- Time Warner has rejected a proposal by 21st Century Fox to acquire all of the outstanding shares of the company for approximately $80 billion, or $86/share.
- This event has confirmed my opinion that Time Warner was undervalued, as shown by the 15% increase in stock price.
- It was difficult to foresee this acquisition proposal, but investors shouldn't be surprised by the upside potential in Time Warner.

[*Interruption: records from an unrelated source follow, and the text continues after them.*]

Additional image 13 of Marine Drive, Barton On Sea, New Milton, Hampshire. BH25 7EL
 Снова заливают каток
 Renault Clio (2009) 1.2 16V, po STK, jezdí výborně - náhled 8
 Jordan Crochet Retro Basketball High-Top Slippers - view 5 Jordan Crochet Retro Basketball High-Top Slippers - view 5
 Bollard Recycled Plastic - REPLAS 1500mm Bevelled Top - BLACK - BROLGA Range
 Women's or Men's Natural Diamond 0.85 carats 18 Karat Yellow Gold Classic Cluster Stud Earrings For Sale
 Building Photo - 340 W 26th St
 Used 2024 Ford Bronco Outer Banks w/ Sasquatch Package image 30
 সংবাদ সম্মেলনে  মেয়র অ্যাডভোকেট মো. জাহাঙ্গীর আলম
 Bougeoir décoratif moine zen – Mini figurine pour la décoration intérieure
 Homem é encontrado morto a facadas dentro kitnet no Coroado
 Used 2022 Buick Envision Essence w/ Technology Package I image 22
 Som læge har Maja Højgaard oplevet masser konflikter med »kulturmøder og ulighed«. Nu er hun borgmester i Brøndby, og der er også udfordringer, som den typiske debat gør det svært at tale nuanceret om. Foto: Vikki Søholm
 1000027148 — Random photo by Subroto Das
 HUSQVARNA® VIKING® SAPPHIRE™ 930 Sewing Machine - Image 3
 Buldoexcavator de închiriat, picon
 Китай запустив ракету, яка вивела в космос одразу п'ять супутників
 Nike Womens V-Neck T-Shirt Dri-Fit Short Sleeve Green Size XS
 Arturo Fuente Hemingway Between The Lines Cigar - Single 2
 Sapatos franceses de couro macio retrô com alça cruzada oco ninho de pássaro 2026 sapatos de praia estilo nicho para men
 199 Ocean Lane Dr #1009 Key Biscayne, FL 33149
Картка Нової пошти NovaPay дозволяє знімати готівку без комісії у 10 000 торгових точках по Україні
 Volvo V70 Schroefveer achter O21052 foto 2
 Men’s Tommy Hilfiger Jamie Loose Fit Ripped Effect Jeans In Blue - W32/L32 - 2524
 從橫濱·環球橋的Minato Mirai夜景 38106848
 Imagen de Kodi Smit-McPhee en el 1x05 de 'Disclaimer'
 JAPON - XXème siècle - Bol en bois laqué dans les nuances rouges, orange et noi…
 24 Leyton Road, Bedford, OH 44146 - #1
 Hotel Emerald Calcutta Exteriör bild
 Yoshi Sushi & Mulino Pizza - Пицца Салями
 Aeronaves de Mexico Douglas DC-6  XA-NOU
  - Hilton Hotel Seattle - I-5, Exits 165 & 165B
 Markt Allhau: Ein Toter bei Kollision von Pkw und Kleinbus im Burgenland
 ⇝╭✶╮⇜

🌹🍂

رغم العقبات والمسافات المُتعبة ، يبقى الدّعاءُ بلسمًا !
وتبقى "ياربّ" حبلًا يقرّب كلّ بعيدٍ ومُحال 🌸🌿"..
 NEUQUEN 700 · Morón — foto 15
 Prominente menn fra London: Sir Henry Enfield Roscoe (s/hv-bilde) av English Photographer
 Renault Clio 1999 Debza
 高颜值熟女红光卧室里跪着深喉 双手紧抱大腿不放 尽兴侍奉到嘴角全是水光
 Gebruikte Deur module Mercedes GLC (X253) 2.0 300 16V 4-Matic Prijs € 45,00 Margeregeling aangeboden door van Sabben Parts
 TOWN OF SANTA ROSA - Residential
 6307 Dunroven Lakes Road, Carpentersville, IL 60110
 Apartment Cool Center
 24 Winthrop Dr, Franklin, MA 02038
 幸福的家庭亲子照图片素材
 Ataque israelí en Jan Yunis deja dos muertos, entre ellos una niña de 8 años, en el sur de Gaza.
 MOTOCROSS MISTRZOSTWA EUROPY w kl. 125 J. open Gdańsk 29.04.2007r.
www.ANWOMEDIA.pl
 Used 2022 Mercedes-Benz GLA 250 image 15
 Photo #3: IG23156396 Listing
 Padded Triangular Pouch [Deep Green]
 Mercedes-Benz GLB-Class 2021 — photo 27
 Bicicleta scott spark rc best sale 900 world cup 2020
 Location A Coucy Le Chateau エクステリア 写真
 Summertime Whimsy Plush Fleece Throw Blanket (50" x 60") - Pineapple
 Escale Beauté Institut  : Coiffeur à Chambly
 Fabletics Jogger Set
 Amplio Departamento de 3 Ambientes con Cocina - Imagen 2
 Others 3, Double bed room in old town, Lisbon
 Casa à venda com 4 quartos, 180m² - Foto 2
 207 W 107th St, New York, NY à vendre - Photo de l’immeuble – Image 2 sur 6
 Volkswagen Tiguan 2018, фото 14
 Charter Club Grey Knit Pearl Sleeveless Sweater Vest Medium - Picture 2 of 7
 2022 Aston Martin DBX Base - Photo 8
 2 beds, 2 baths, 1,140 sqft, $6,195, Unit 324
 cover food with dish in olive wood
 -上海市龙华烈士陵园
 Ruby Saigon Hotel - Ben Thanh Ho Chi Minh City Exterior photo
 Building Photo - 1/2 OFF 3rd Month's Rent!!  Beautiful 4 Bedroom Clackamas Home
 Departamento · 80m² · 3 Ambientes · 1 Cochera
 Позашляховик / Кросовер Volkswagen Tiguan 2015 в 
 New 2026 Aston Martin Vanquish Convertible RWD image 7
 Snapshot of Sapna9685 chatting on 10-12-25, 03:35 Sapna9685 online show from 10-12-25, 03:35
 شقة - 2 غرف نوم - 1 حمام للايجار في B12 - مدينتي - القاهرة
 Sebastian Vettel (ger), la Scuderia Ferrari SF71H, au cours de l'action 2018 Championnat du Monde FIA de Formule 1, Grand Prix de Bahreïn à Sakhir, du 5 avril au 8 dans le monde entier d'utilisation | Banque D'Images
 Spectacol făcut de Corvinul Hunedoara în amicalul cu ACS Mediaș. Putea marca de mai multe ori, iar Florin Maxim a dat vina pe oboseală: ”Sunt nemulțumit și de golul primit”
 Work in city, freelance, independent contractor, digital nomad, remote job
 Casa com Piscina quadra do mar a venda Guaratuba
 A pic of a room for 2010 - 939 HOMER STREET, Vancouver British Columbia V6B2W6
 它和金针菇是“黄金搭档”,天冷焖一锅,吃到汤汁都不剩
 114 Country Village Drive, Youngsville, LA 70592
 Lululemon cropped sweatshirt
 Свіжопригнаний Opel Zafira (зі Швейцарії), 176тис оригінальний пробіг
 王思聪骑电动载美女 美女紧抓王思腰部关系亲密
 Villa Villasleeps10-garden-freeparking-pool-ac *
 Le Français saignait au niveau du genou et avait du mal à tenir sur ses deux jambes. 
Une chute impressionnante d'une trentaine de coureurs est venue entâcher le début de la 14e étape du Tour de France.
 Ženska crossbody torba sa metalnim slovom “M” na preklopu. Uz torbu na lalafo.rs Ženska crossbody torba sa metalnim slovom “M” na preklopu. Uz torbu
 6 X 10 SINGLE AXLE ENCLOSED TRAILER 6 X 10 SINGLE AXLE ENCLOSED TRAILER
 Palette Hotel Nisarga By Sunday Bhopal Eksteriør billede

It has been confirmed that Time Warner (NYSE:TWX) has rejected a proposal by 21st Century Fox (NASDAQ:FOXA) to acquire all of the outstanding shares of the company for a combination of 1.531 of 21st Century Fox Class A and $32.42 in cash per share. At Tuesday's close, this would value Time Warner stock at approximately $86/share, for a total of around $80 billion. Time Warner's board of directors listed several reasons for rejecting 21st Century Fox's proposal, including;
- The company's strategic plan will continue to deliver significant value;
- The value of Time Warner's businesses will continue to grow;
- The risk and uncertainty of 21st Century Fox's ability to govern and manage the size and scale of both companies;
- Operational and regulatory risks to executing a combination with 21st Century Fox
Since this news broke, Time Warner stock has gained roughly 15% to $82/share. Analysts believe this deal may eventually get done at a premium price and could create a company that dominates the content industry. With assets including Warner Brother's studio, HBO, TBS, TNT, TruTV, Cartoon Network, and CNN, investors are finally starting to realize how undervalued Time Warner stock truly is. As I've outlined in previous articles here and here, Time Warner has multiple undervalued assets that continue to impress with strong growth and free cash flow.